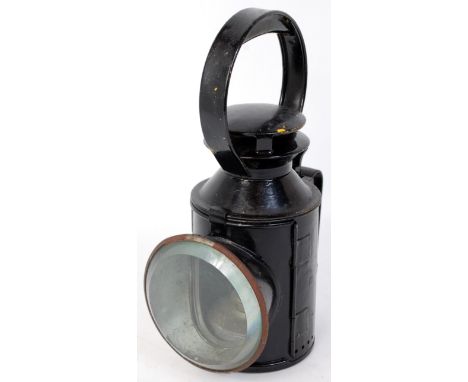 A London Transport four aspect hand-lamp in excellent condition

━━━━━━━━━━━━━━━━━━━━━━━━━━━━━━

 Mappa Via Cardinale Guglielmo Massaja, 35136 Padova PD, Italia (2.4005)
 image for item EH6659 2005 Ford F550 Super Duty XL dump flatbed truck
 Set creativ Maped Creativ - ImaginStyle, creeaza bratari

━━━━━━━━━━━━━━━━━━━━━━━━━━━━━━

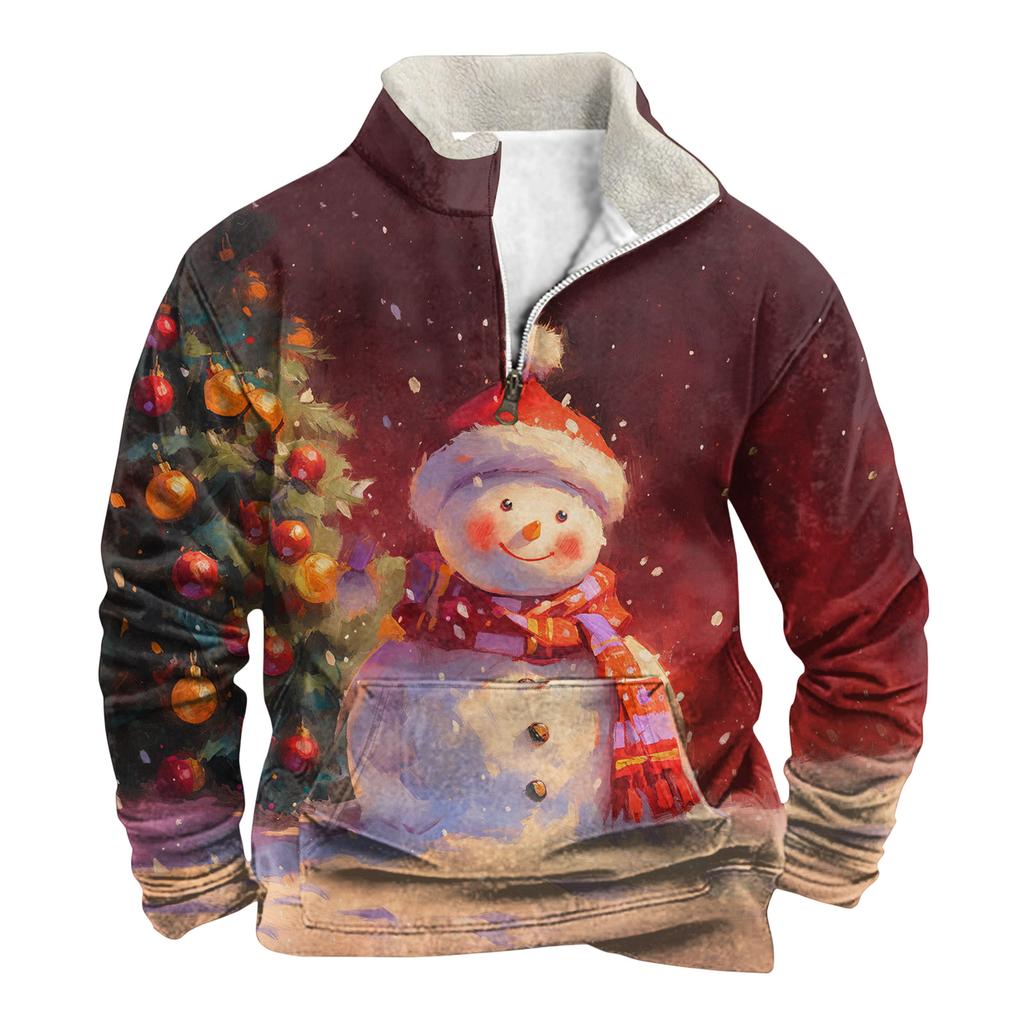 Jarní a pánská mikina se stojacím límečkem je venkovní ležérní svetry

━━━━━━━━━━━━━━━━━━━━━━━━━━━━━━

Try it: The answer is the lines above between the line holding "image for item" and the line holding "Set creativ Maped", inclusive, each written out exactly, and no others.

Answer to the problem:
 image for item EH6659 2005 Ford F550 Super Duty XL dump flatbed truck
 Set creativ Maped Creativ - ImaginStyle, creeaza bratari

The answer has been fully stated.